South Korean president declares 'war' on coronavirus as number of infections spikes
By KIM GAMEL AND YOO KYONG CHANG | STARS AND STRIPES Published: March 3, 2020
SEOUL, South Korea — South Korean President Moon Jae-in declared “war” on the new coronavirus Tuesday as the number of infections crept toward 5,000, most in a southeastern area that is home to a U.S. military base.
The South has suffered from the largest COVID-19 outbreak outside China, where the virus first appeared in December, then spread to dozens of other countries, killing more than 3,000 people.
Moon said he planned to spend $25 billion on fighting the virus, which has been mainly concentrated in the southeastern city of Daegu and surrounding areas. He also put all government agencies on 24-hour alert, saying the recent spike in cases marked a “critical phase.”
“The crisis in Daegu and North Gyeongsang province reached its peak and the whole country has entered a war against the infectious disease,” Moon said during a weekly Cabinet meeting.
“Now that economic sentiment has frozen, investment, consumption and industrial activities have shrunken considerably,” he added. “The government should make an all-force response to mitigate economic shock. Bold fiscal injection is urgent.”
Moon’s remarks came as the Korea Centers for Disease Control raised the number of confirmed COVID-19 cases in the country to 4,812, with 28 deaths. It said 85,484 of 125,851 people tested negative.
Health authorities have warned the numbers will continue to rise as tests are completed on members of a religious sect believed to be at the center of the Daegu outbreak.
South Korea reported its first coronavirus case on Jan. 20 but had relatively low numbers until a 61-year-old woman linked to the church in Daegu tested positive on Feb. 18 and proved to be a carrier.
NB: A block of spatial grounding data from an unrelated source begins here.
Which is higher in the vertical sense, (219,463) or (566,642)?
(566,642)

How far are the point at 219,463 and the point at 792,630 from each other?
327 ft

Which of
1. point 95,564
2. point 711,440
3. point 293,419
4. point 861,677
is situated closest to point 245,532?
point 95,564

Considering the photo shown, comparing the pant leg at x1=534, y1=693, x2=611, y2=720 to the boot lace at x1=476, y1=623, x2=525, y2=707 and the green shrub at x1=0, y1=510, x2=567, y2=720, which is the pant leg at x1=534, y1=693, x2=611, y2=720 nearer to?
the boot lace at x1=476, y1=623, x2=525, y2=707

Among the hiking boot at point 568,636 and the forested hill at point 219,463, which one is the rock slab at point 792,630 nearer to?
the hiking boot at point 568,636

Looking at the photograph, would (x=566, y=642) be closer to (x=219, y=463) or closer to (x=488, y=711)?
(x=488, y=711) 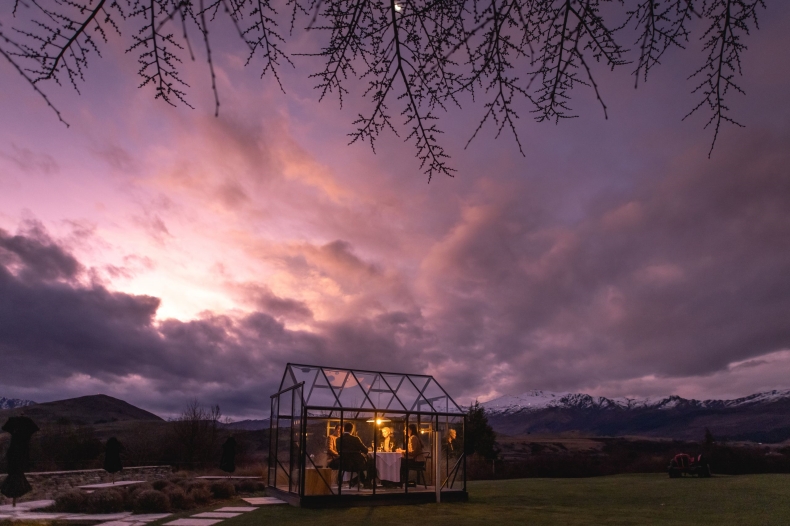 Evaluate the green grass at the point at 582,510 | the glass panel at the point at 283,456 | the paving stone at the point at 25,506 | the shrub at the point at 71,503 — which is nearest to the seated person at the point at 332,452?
the glass panel at the point at 283,456

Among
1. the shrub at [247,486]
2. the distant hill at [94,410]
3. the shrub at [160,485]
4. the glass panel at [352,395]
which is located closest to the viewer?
the shrub at [160,485]

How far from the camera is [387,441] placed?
571 inches

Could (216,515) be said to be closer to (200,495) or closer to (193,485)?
(200,495)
Army Garrison Daegu, which oversees several installations comprising a military community of about 9,000 people, restricted movement and began health checks at access gates. The U.S. military has expanded those protective measures at bases across the divided peninsula as it tries to prevent the virus from infiltrating.
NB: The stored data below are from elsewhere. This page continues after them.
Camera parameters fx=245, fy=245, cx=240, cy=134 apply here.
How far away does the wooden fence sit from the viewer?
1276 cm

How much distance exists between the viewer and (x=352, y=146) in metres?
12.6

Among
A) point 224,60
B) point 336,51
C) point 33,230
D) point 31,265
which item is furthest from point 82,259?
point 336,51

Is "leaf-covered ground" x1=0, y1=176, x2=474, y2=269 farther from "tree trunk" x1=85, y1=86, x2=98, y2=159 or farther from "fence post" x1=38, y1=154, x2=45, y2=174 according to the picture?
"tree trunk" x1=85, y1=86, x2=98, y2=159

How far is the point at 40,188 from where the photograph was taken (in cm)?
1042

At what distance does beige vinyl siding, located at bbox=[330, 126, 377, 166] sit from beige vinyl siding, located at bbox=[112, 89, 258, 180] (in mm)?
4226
However, four people affiliated with U.S. Forces Korea have tested positive, including a soldier and his wife who lived near Camp Carroll, the widow of a military retiree and a South Korean employee – all in the hardest-hit area.
South Korean officials planned to expand coronavirus tests on ordinary citizens in Daegu after completing those on members of the Shincheonji Church of Jesus amid fears of community transmission, Vice Health Minister Kim Gang-lip told reporters on Tuesday.
The government also will set up more isolation facilities in Daegu, which has a population of 2.5 million, by early next week, he added.
The World Health Organization, meanwhile, said the virus is showing signs that it can be contained.
“Containment of COVID-19 is feasible and must remain the top priority for all countries,” WHO Director-General Tedros Adhanom Ghebreyesus said Monday during a briefing in Geneva.
The virus, which has symptoms similar to the flu or the common cold, is believed to have an incubation period of two weeks and is spread through contact. Authorities have urged people to practice good hygiene, wash their hands frequently and thoroughly, and avoid sick people or stay at home if they are sick.